Econ Policy Changes On Horizon
If the DPJ emerges victorious as expected in the Lower House polls, that would likely change Japan's economic policy stance, including fiscal spending plans and possibly the way it manages Japan's foreign exchange reserves, which totaled $1.019 trillion at the end of June.
At the Ministry of Finance, for example, with the prospect of a DPJ victory growing, a sense of caution may emerge among bureaucrats that they "should limit the number of projects (in budgetary requests) that the DPJ may dislike," a ministry official told Dow Jones Newswires.
For now, the ministry is likely to go ahead with its usual plan to ask government agencies and ministries for their budget requests by the end of August and to start discussing those requests with them, the official said.
But the start of a DPJ government could disrupt the ministry's normal budget-making schedule.
That's because there's speculation that the DPJ may call for spending cuts in the government's budget plans for next fiscal year.

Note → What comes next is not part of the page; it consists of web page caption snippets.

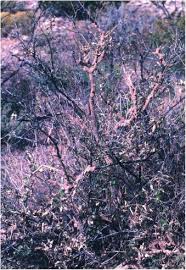 Image result for Kohautia microflora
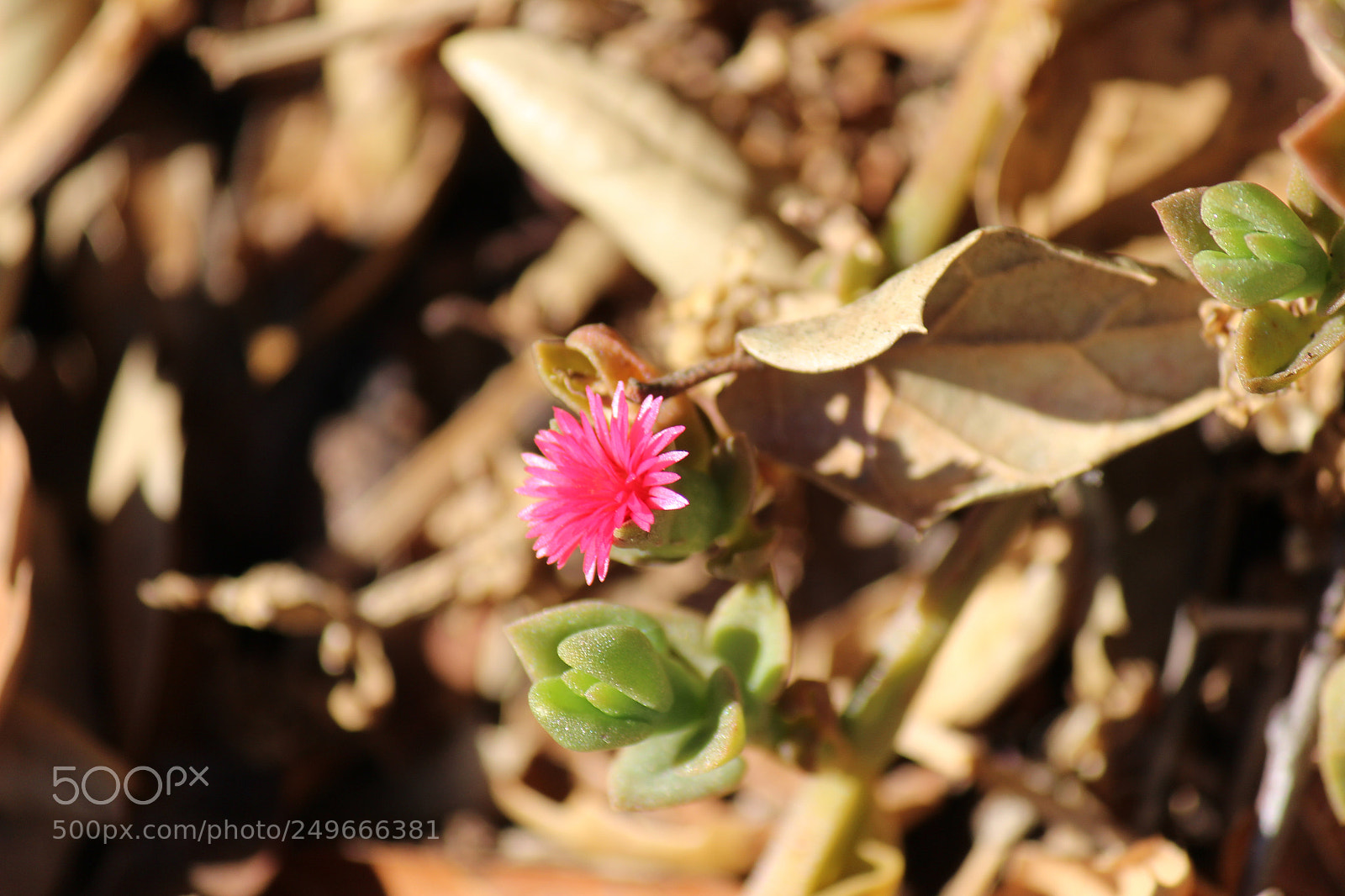 Canon EOS 600D (Rebel EOS T3i / EOS Kiss X5) sample photo. Img photography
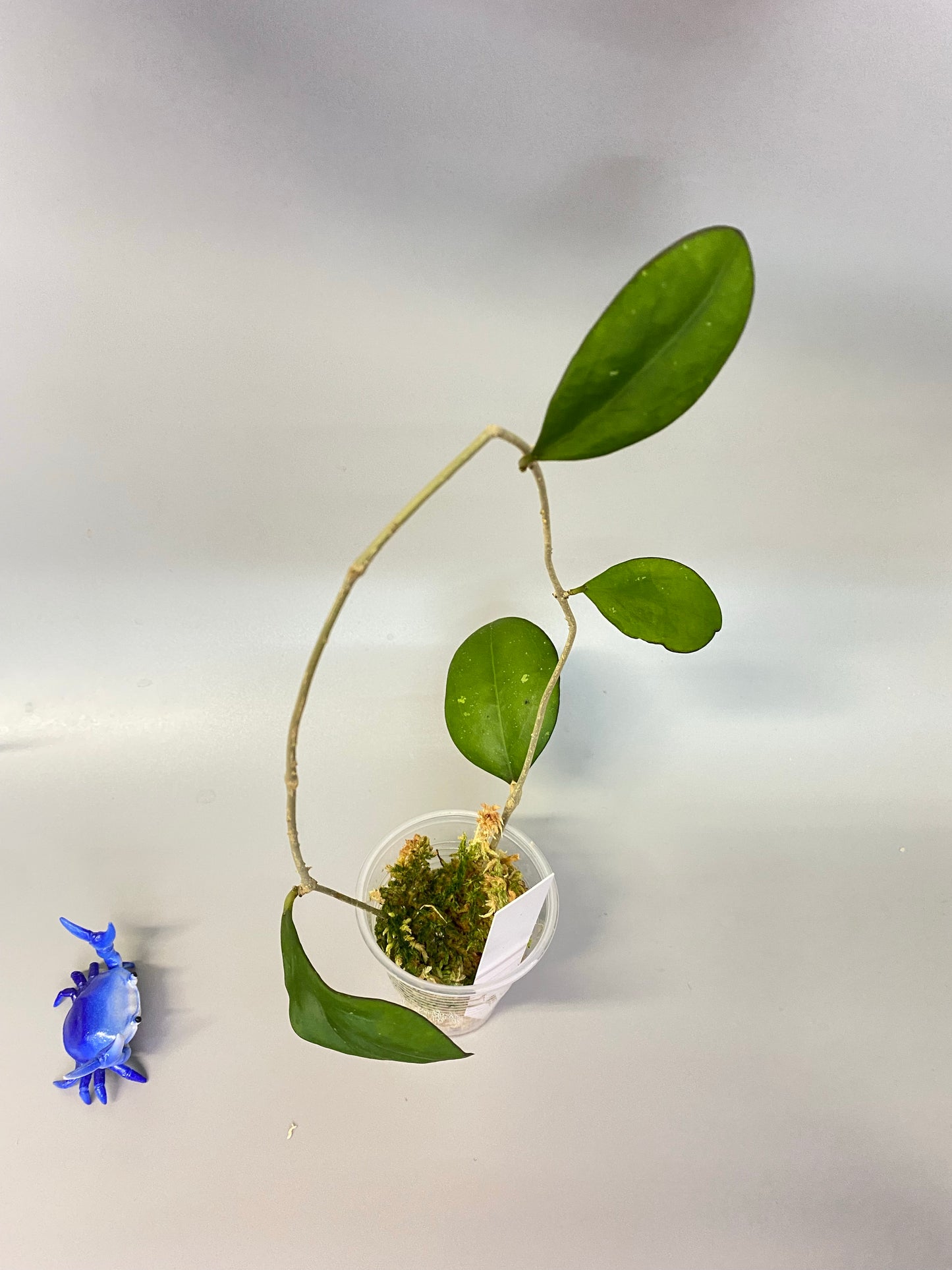 Hoya nathalie (erythrostemma x Joy) - has roots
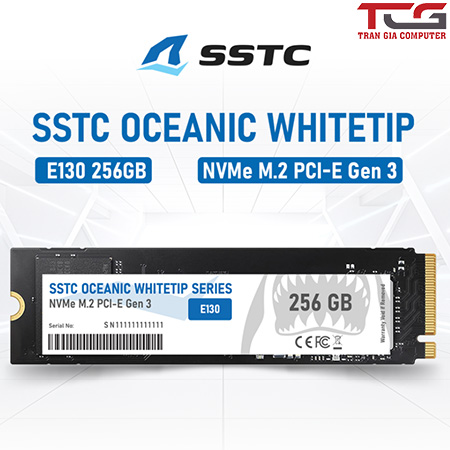 Ổ cứng SSD SSTC Oceanic Whitetip E130 256GB NVMe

Earlier this month, Aso's Cabinet set the upper limit of general expenditure at a record high of Y52.67 trillion, allowing increases in social security payments, while cutting public works project spending by 3% and defense by 1%.
"If the DPJ demands bigger cuts than already determined (in some budget areas), things could get complicated," resulting in a delay in budget-making, another finance ministry official said.
Indeed, the DPJ's policy platform calls for saving Y9 trillion a year by eliminating what it calls "wasteful" government spending to fund about half of its promised measures worth Y17 trillion. Among those steps: doing away with highway tolls, giving farmers subsidies, and paying Y26,000 a month to parents with children in junior high school or younger.
Moreover, the party has pledged not to raise Japan's 5% sales tax rate for four years.
But analysts generally think the DPJ's financing plan isn't feasible and that the party would eventually have to sell more government bonds to raise money.
"We're just wondering how the DPJ can do such a thing," the first finance ministry official said, referring to the party's plan to squeeze out Y9 trillion by scrapping existing social programs.
"If there's something you can cut further, all I can think of is expenditures for public works projects. But I don't think it's possible to get several trillions of yen" out of this arena unless a government takes the unusual step of stopping ongoing projects halfway, such as road construction, he said.
Some analysts noted that the DPJ's rise to power could help the yen rise against the dollar.
"As far as Japan's foreign exchange reserves are concerned, I have the impression that the DPJ is determined to avoid the risks of (the country's reserves) suffering from dollar weakness," Yuji Kameoka, currency analyst at Daiwa Institute of Research, said. "If (DPJ legislators) act on their words, the yen could strengthen."
Some DPJ members have advocated the idea of asking the U.S. government to issue yen-denominated debt to replace dollar-denominated Treasury bonds held in Japan's reserves. If Tokyo ever formally made such a request, that could sour market sentiment toward the dollar.